Auch Donald Trumps Reputation als Rassist dürfte durch die Cohen-Veröffentlichung weiter gefestigt werden. Im Wahlkampf 2016 habe er nicht-weiße Minderheiten als "not my people" bezeichnet. "Ich werde nie die Stimmen der Latinos bekommen", soll Trump gesagt haben. "Sie sind wie die Schwarzen zu blöd, um für Trump zu stimmen." Auch Trumps Hass auf Amtsvorgänger Barack Obama beschreibt Cohen in Zitaten des Präsidenten. Auf die Columbia University und nach Harvard sei Obama nur wegen "beschissener Quotenregelungen für Minderheiten" gekommen. Von Schwarzen an der Spitze eines Landes habe Trump generell wenig gehalten. "Nenn mir ein Land, das von einem Schwarzen geführt wird, das nicht ein 'shithole' ist", soll Trump gesagt haben. Sie seien allesamt "complete fucking toilets". Ebenso abfällig und vulgär soll sich Trump 2013 nach dem Tod Nelson Mandelas über den südafrikanischen Freiheitshelden und Friedensnobelpreisträger geäußert haben.

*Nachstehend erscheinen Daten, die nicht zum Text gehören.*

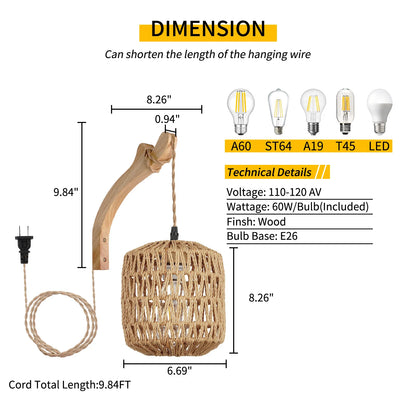 Bamboo Lantern Wall Lamp Natural Rattan Wicker E27 Chandeliers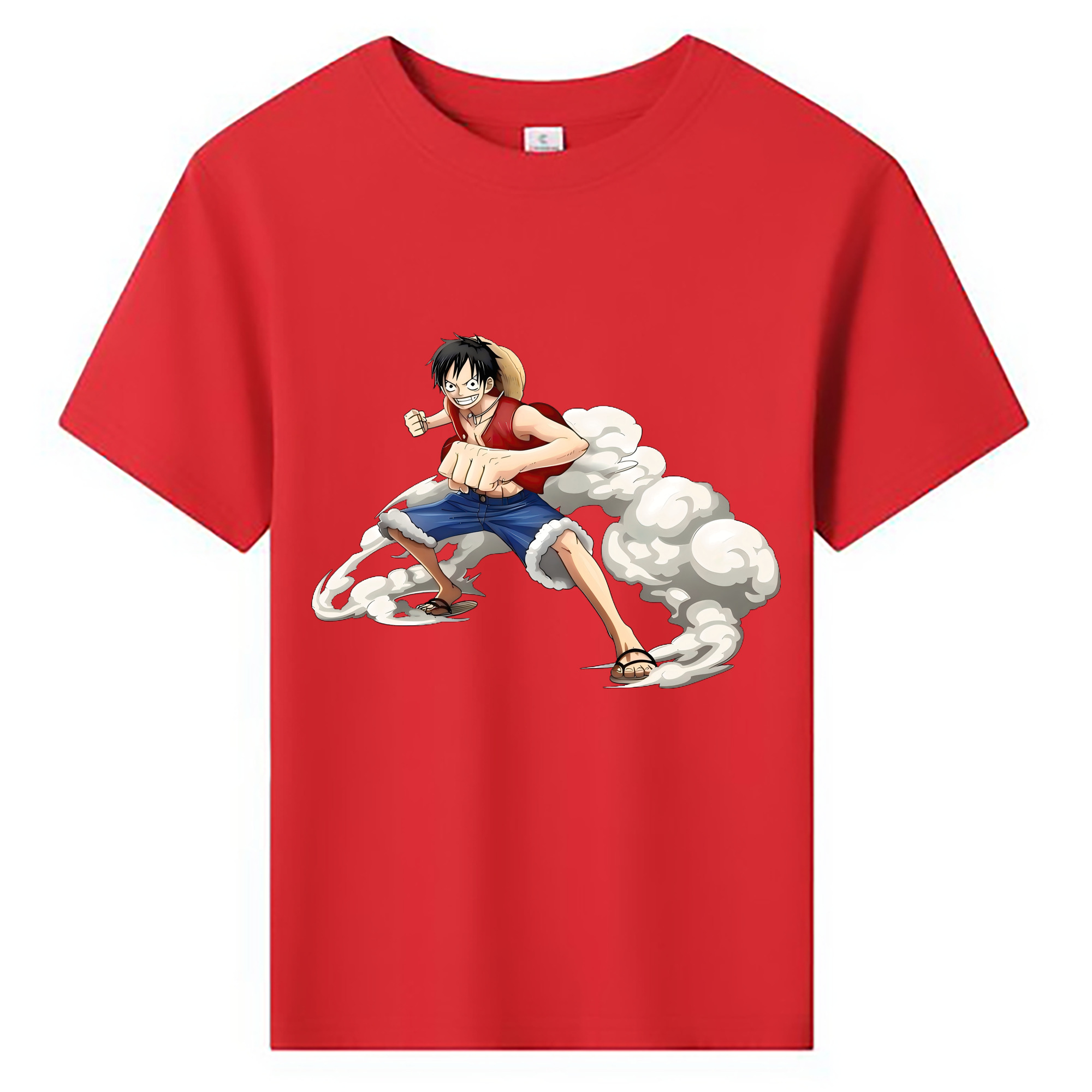 （画像用） ワンピース モンキー・D・ルフィ ONE PIECE Monkey D. Luffy 綿100％キッズTシャツ（フロントプリント）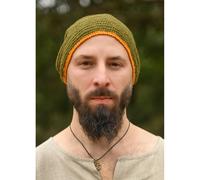 Wollmütze, gehäkelt, grün-gelb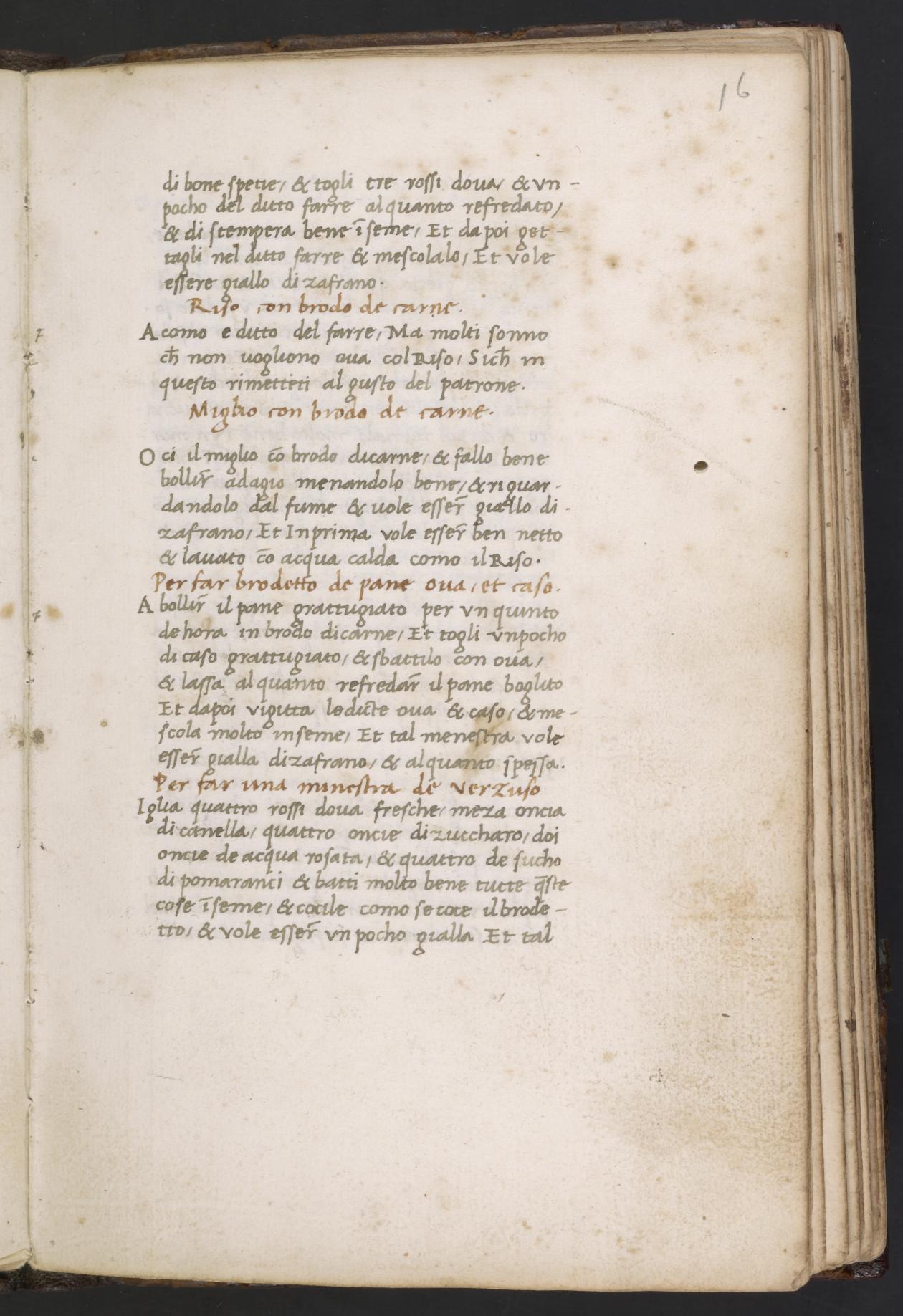 Reis mit Fleischbrühe — Originalseite aus Libro de Arte Coquinaria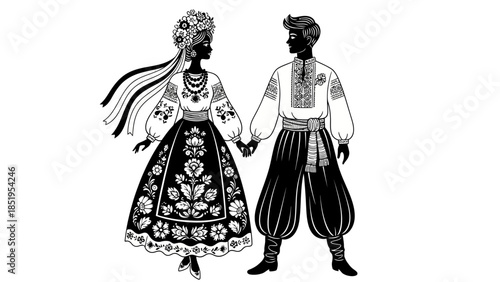 Traditional Ukrainian Folk Art Wedding Couple Silhouette with Bride in Large Floral Wreath and Ribbons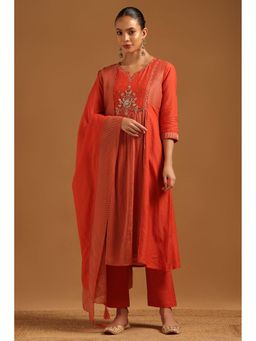 Soch - Rust Embellished/Sequined Round Neck Kurta With Pant & Dupatta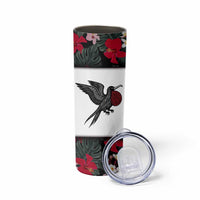 Antigua and Barbuda Hummingbird Skinny Tumbler with Tribal Bird and Tropical Floral Design with Island Flag - Wonder Print Shop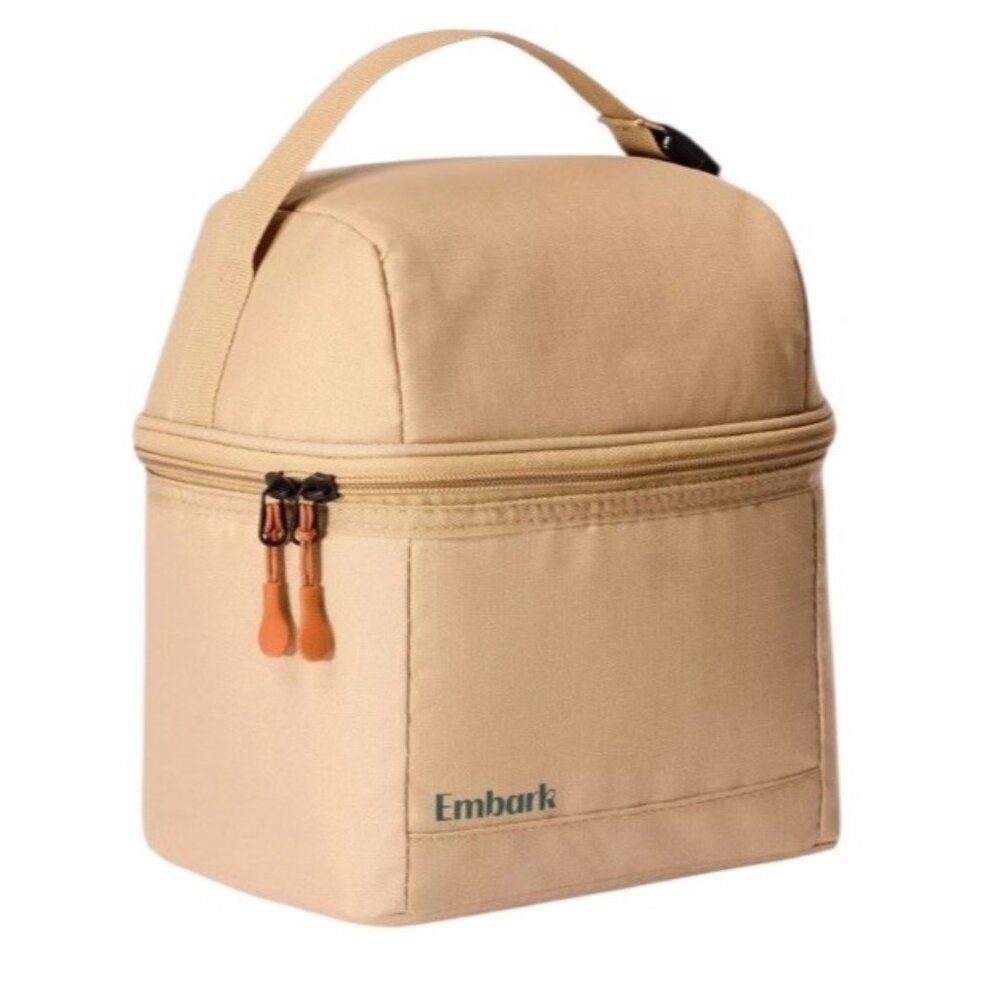 Embark Insulated Durable Dual Compartment Lunch Bag Handle Tote Tan NWT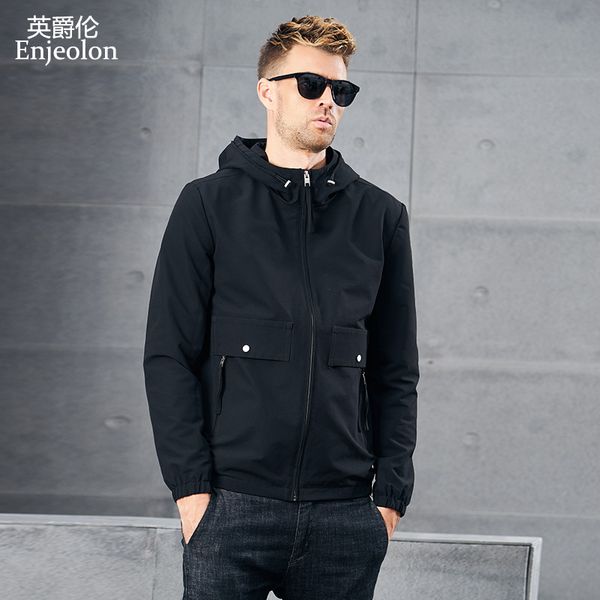 

enjeolon brand new hoody bomber jackets men windbreaker black solid mens jcaket coats hoodies collar packet cool clothes jk618, Black;brown
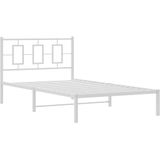 vidaXL Bedframe met hoofdbord metaal wit 107x203 cm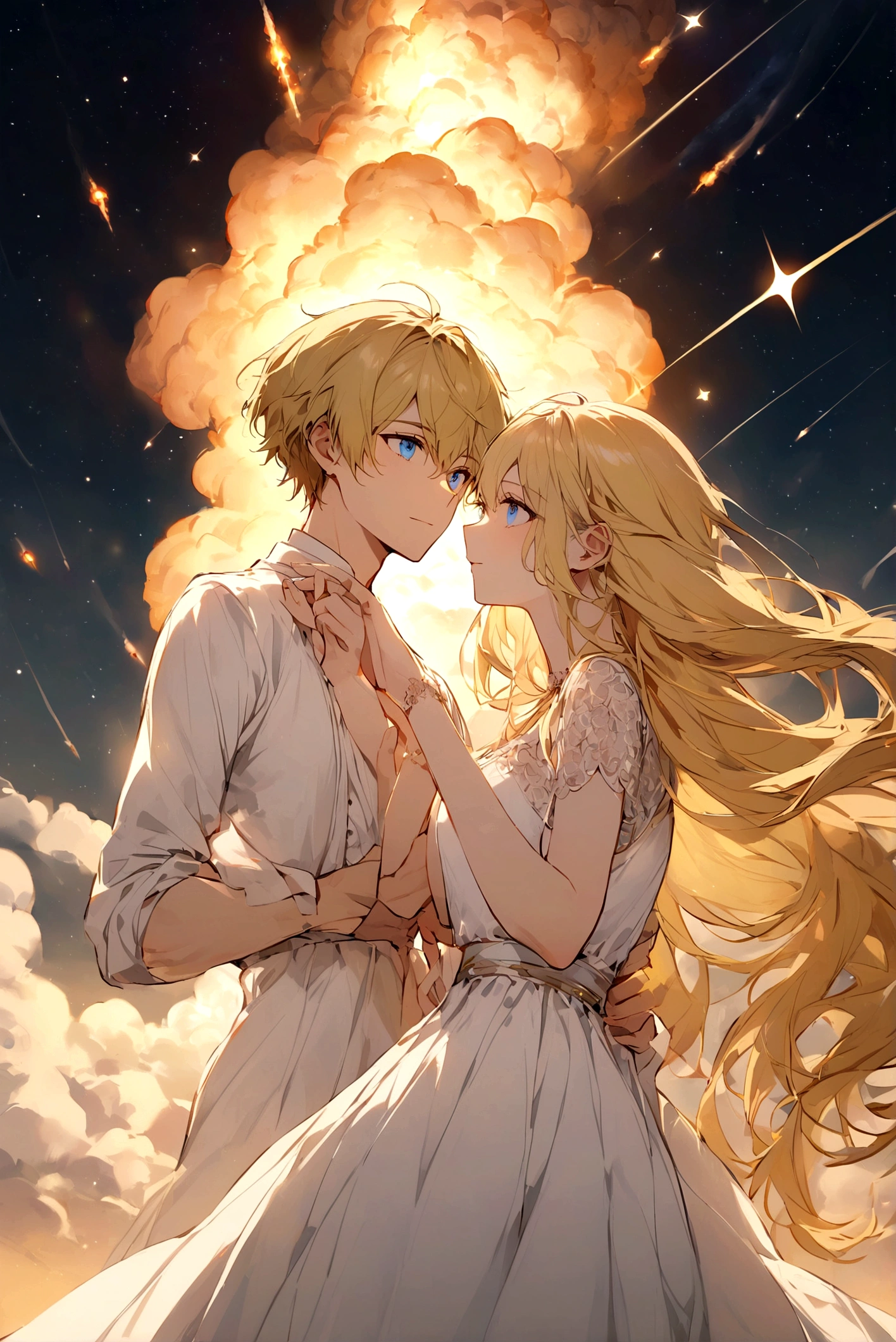 Male, short hair, blonde, white shirt, looking women see star in the sky with Gf long hairs, meteor, white dress, blue eyes.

Trumps Historie sexistischer Entgleisungen fügt Cohen eine Episode hinzu, bei der dieser anzügliche Bemerkungen über Cohens damals 15-jährige Tochter nach einer Tennis-Stunde gemacht haben soll. Auch ein Strip-Club-Besuch in Las Vegas aus dem Jahr 2013 kommt zur Sprache, bei dem sich Trump gemeinsam mit einem russischen Oligarchen an der Darbietung bizarrer Sex-Praktiken erfreut haben soll.
Die Trump-Regierung hat Cohens Erzählung als komplett unglaubwürdig abgebügelt. Kayleigh McEnany, Sprecherin des Weißen Hauses, erklärte der "Washington Post": "Michael Cohen ist ein schändlicher Verbrecher und Anwalt, dem die Lizenz entzogen wurde, der gegenüber dem Kongress gelogen hat. Er hat jegliche Glaubwürdigkeit verloren, und es ist nicht überraschend zu sehen, wie er versucht, von seinen Lügen zu profitieren."